Now, I don’t know, but I’m thinking he hit the guy, Jimmie Ray, in
the leg, because Jimmie Ray fell and he crawled behind the van. Now
as he’s crawling behind the van, that’s when Craig Bailey, me and
Craig Bailey walked behind the van. So as the guy was crawling,
Craig Bailey commence to fire, so he’s steady shootin’. Now I fired
some shots. Really not knowing what Craig Bailey’s gonna do if I
8
don’t fire, you know, because he’s steady shootin’. So he walk up on
the guy and he shoot some more and said his gun’s empty.
Q. What happened after that?
A. After that, after that we leave, you know. We didn’t even
enter back into the house. We leave after that.
Bailey also related a version of the offense in his statement:
BY BAILEY: I, when I realized it was a pistol involved, that’s when
Sherrod ran out the room and told me, he[’s] got a pistol.
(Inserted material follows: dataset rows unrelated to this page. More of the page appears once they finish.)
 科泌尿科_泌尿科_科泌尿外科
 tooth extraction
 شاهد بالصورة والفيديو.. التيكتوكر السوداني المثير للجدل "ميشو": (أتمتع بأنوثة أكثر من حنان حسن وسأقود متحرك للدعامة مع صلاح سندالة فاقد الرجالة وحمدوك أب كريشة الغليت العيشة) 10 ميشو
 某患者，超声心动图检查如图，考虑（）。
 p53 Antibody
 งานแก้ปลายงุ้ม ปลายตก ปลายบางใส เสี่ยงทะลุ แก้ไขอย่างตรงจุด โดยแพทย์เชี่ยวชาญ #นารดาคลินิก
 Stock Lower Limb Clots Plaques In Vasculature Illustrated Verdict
And when I
seen him running of the room, I had already took off running.
BY GREEN: Okay[.]
BY GREEN: And when I took off running, I, I come out that side
door, here right on the side, and I cleared that fence, jumped it.
BY GREEN: So you went to the back of the house.
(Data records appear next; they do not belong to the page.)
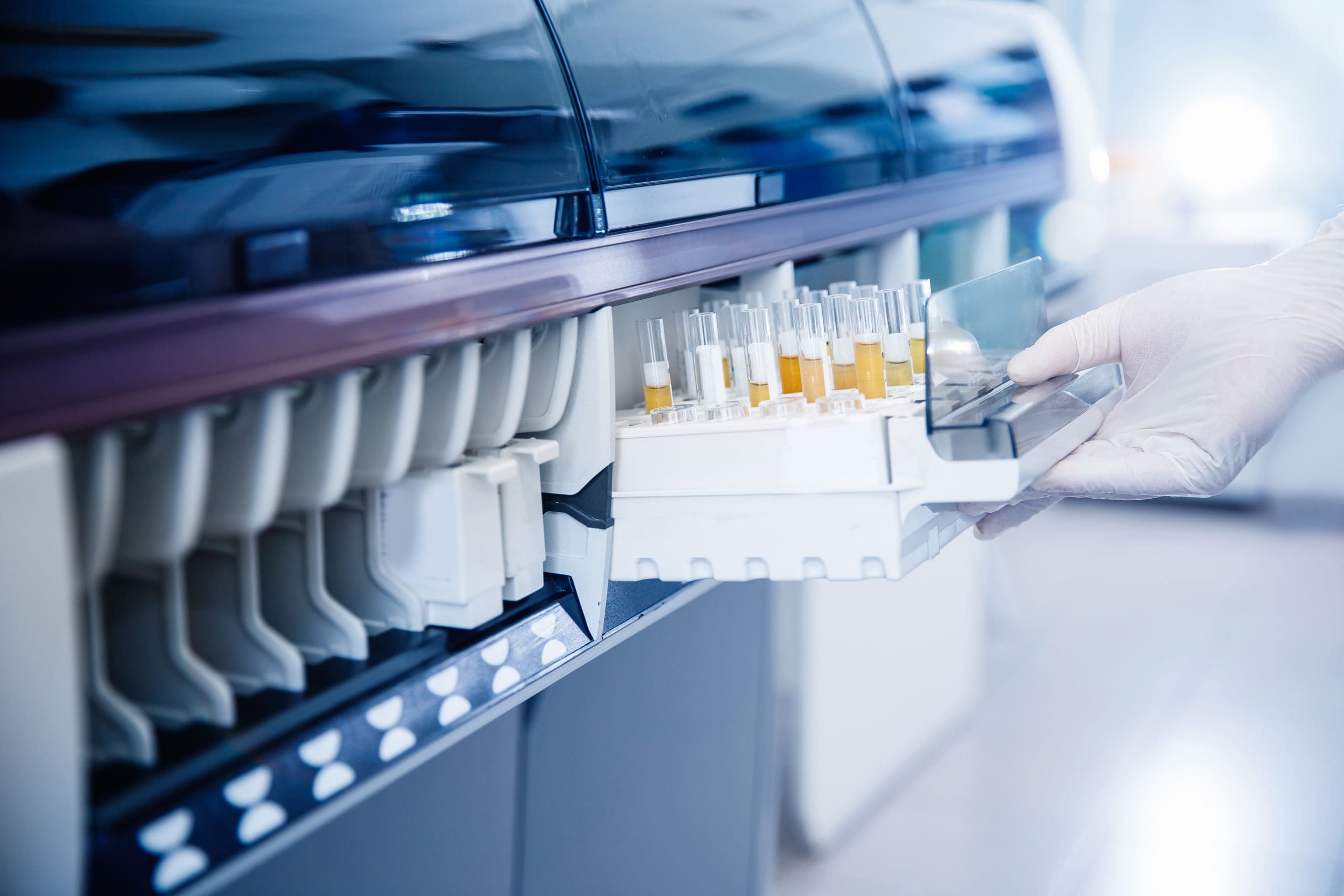The future of point-of-care cardiac biomarker testing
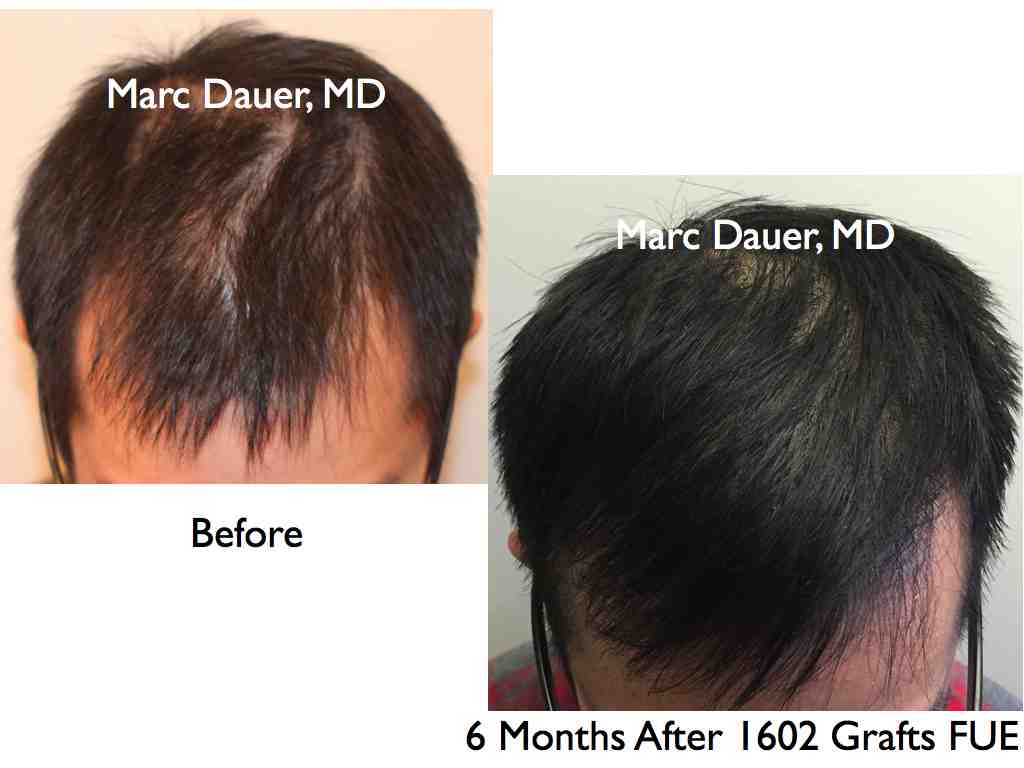 Click image for larger version

Name:	Hair Transplant Slides.524.jpg

Size:	41.3 KB
ID:	38423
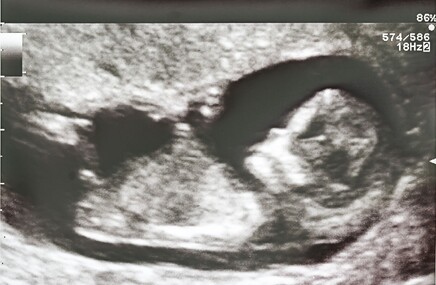 Płód widoczny na zdjęciu USG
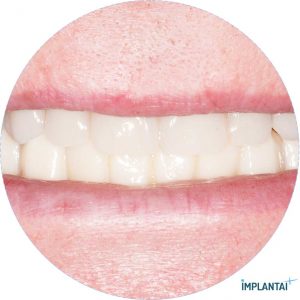 atvejis Dental Implantai Implantaiplius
BY BAILEY: Yes sir, I’m not just saying the back, but I know it was
on that side part, and I . . . cause I jumped the, the fence, said like I
ain’t . . . I just jumped it, boom.
BY GREEN: Okay. Back into that field?
BY BAILEY: Yes sir.
BY GREEN: Jump the fence, you was in the field at the back of the
house.
BY BAILEY: Yes sir, and I, I jumped that, that next fence, it had, ah,
(interrupted)
BY GREEN: Where did Sherrod go?
BY BAILEY: . . . a field right there, and that’s when Sherrod was
following me at one point, and that’s when Sherrod say, man, fuck
that, I’m fixin’ to go back. I’m fixin’ to kill this nigger. He gotta
come on wit’ it, or somethin’ like that. So that’s when Sherrod went
back, and by the time he went back, I went to, not to his backyard, but
to the yard next to his yard, to the fence. And that’s when I seen the
dude comin’ outta his house, and once he was coming outta . . . I
didn’t see ‘im comin’ outta his house, but I seen ‘im going to the
driver door of that van.
BY GREEN: Umm hmm.
9
BY BAILEY: And when he was going to the driver door of that van,
Sherrod come back from around the house, and that’s when a shot was
fired. After a shot was fired, ‘nother shot was fired, and that’s when I
see the dude go from a stumble from there. And once the shots was
fired, I seen the dude go from a stumble, I left, Officer Green, I, I
mean I took of running, and I left. And so that’s when . . . after you
heard that shot fired and stuff, it calm for about, I say maybe five
seconds, and then that’s when you heard a commotion outside, just
bloom, bloom, bloom, bloom, bloom [sic]. Then for (interrupted)
BY GREEN: And where you was at when you heard that?
BY BAILEY: When I heard that, I was out the field headed towards
the truck, get, getting’ in the truck with Corday, tellin’ him, askin’
him, where he was, an’ and why he ain’t, he wun’t over there.
We find that the relevant events occurred as one continuous series of
actions; thus, the aggravated burglary is a factually connected underlying offense.
Bailey testified that Wilson killed the victim to silence him. Wilson blamed the
actual killing on Bailey and testified that the victim recognized Bailey’s voice.
Bailey told the victim that he “shouldn’t have called my name.” Viewed as a
killing to prevent future testimony, the burglary and the murder were certainly
connected; thus, the murder conviction stands.
For the reasons discussed, the assignment lacks merit.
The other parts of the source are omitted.